The surrender necessitated a late 1863 reorganization; the unit was sometimes known as the 64th Virginia Mounted Infantry or the 64th Virginia Infantry. After September 1, 1863, it was also called the 64th Virginia Cavalry because another reorganization in October 1863 briefly placed the 64th Virginia in Brig. John Stuart Williams' Cavalry Brigade. However, that brigade drew ill will in the Lee County area by its methods of confiscating provisions, especially horses to replace mounts. Moreover, on October 20, 1863, a federal raiding party sent by Union General Wilcox surprised Slemp's encamped 64th Infantry near Jonesville and managed to destroy much of their equipment and supplies.
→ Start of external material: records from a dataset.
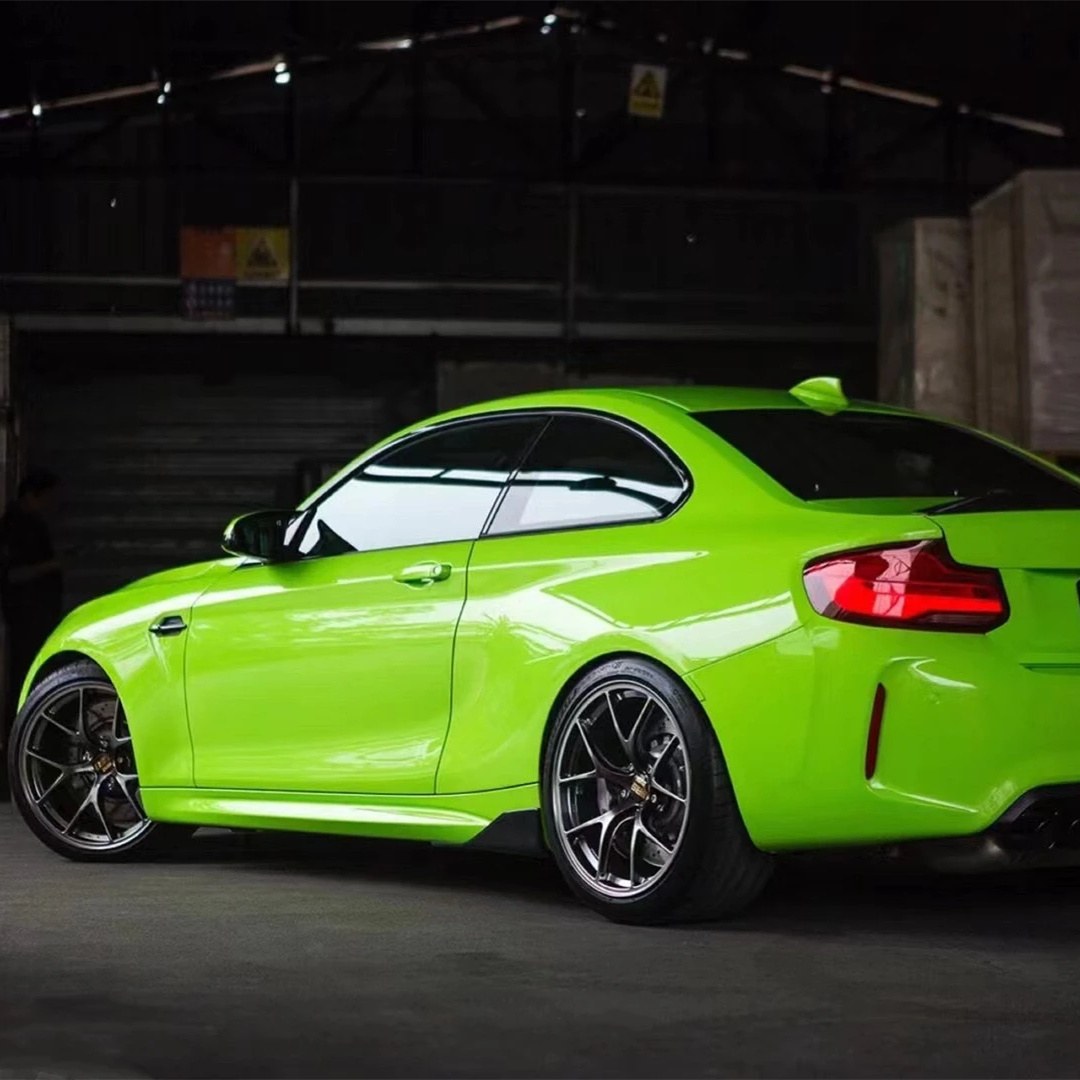 Ravoony Plus Fluorescent Green Car Vinyl Wrap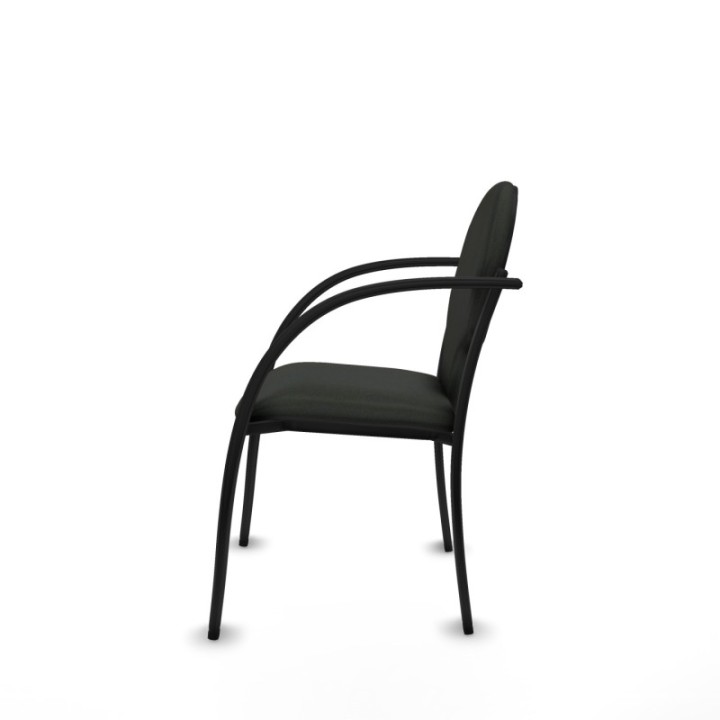 Pack 2 sillas Hellín chasis 4 patas negro bali negro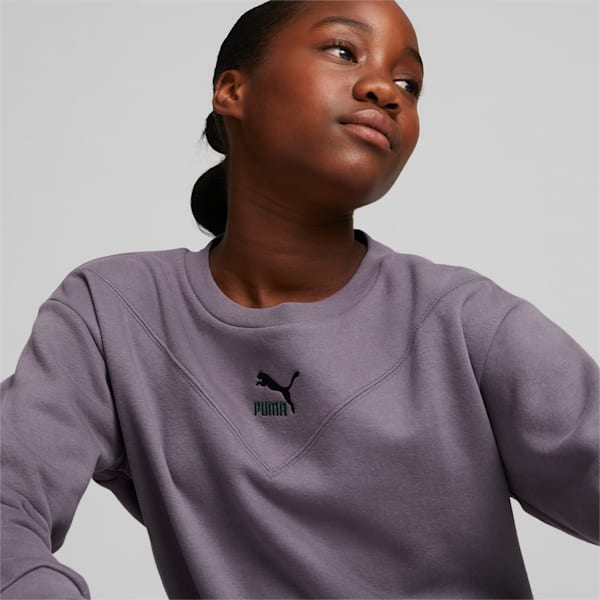 Classics Girl's Sweatshirt, Purple Charcoal, extralarge-IND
On November 5, 1863, Williams' brigade managed to intercept the federal raiders, but the 64th Virginia basically tagged along. In January 1864, Col. Slemp was court-martialed by Brig. Gen. "Grumble" Jones for dereliction of duty based on events of November 7, 1863, when Slemp ordered 10 or 15 wagons captured from the enemy moved, endangering the column if attacked while on the road from Rogersville to Blountville. Although many Virginians (including legislators) tried to get the charges dropped (and his Lt. Col. Auburn L. Pridemore tried to press charges against Gen. Jones for leapfrogging past Col. Giltner's 4th Kentucky Cavalry and crossing the Holston River behind enemy forces on that specified date), Capt. H. Brown of the 8th Virginia Cavalry and Major Rhea of Tennessee (neither units in Williams' command) continued to press the dereliction and ill-discipline charges. Col. Slemp hurt his cause by slipping house arrest in Abingdon prior to trial and instead returning home to Lee County; he was convicted, relieved of command and dismissed from the Confederate army.

Later the 64th Virginia continued to confront the Federals in various conflicts in East Tennessee, Western Virginia, and North Carolina until the war's end. However, its equipment and manpower problems continued. During April 1864, it totaled 268 effectives, but in April 1865, fewer than 50 disbanded.

The major field officers (all future U.S. congressmen) were Colonels Campbell Slemp of Company A, Auburn L. Pridemore of Company C, and Lieutenant Colonel James B. Richmond (after January 1863); as well as Major Harvey Gray (of Company E and F, especially after February 1864).